3. The resumé is a living, changing document. Tailoring each resumé you send to the job you’re applying to reminds you of accomplishments you might have forgotten.
4. Broaden your network with people outside of your own industry. Once you have decided who your target market is, start looking for people in that industry or demographic to meet. Association meetings of like-minded folks are mandatory, but that should only be one of your networking categories.
5. Every interview is an exercise in discovery. Every interviewer has his or her own style and his or her way of asking questions. You will learn something new about yourself with every interview, so be sure to figure out where you can use that information to your advantage.
6. Stress has to be managed and it comes from different sources. Take the time to eat properly, exercise more and meet with friends to establish good stress-busting habits for when you return to work.
7. Helping others makes you feel confident and valued. Getting out of yourself is crucial at this time. Look around: who else could use a friendly hand? Volunteer on a committee, do charitable work or help out a friend who doesn’t have a skill that you have.
8. I know what you’re feeling. When you walk in other peoples’ shoes it is easier to relate and be empathetic to their situation; we’re all going through the same stuff, just on different days and in different ways.

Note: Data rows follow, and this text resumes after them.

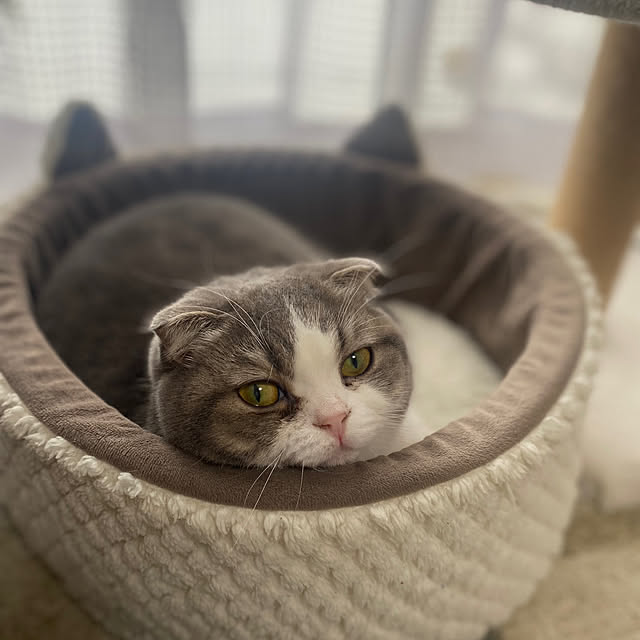 naoさんの実例写真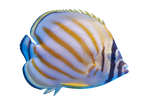 [PH] Ornate Butterflyfish (Chaetodon Ornatissimus)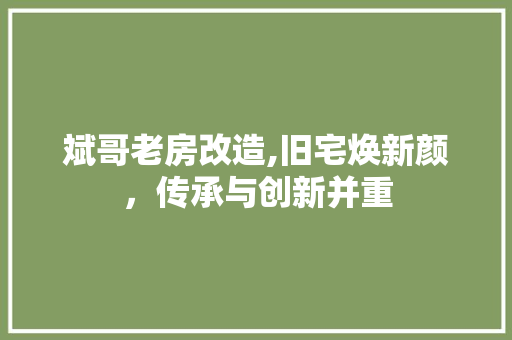 斌哥老房改造,旧宅焕新颜，传承与创新并重 家电维修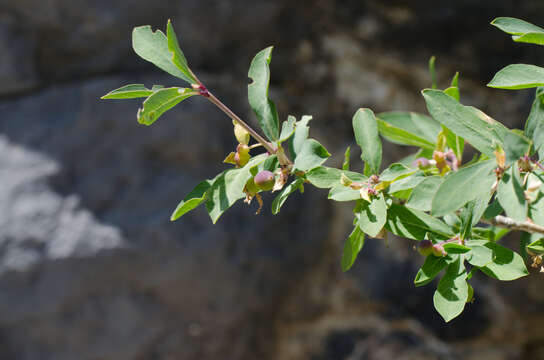 Image of Lonicera pyrenaica subsp. pyrenaica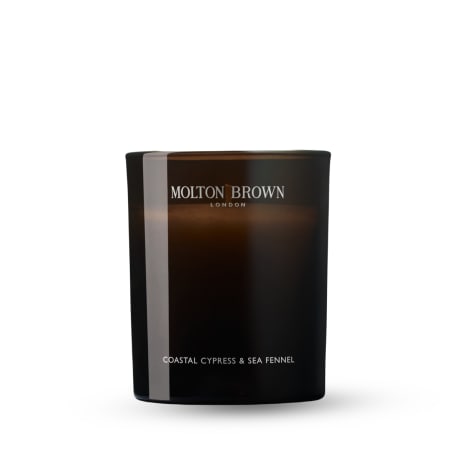 COASTAL CYPRESS & SEA FENNEL 1 WICK CANDLE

9. More education is not always necessary to get a foot up on the competition. You can start doubting your own ability when you consistently do not get the job offer after an interview. But going back to get a high-school diploma at age 53 might not be necessary; sometimes further education and another certificate is a good thing, and sometimes it isn’t.
10. Figuring out transferable skills can be tricky. It is important to know your transferable skills and to be able to make them more generic so as to apply to more companies and still meet their requirements.

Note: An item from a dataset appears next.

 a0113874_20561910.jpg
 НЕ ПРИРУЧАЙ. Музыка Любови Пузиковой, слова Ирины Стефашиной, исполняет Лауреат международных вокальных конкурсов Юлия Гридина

11. People are happy to help if their time and their expertise is not abused. If you do not ask you do not get. Most people genuinely like to be helpful so strategically ask friends, ex-colleagues and customers for the specific help you think they can assist you with. Be grateful.
12. Complete half-finished home projects and read books you always wanted to read. Crossing tasks or books off a list can be very rewarding for some people as it offers a sense of accomplishment that might be missing from not having a project at work to undertake.
13. Some people are afraid of people in transition. Figure out early in your transition who is comfortable with you talking about your work search and who is not. Some people will be threatened by your status and will transfer the fear factor onto their own inevitability.
14. This is the perfect time to figure out your work values and dream employer. Transition is a time to feel, not just to think. Take the time to write down what you really love about the work you do, what environment you work best in, what your motivators are and how these things all make you feel.
15. Develop friendships, get out of the house and do things for yourself. This is your time, make the most of it. Expand your horizons, socialize, blaze new trails and make a mark on society, as you may never have the time to do so again.
Wilson is particularly touched by the thoughtfulness of people who have shared job postings with her and who have called to see how she is doing without even asking. What you give out comes back ten-fold – remember that.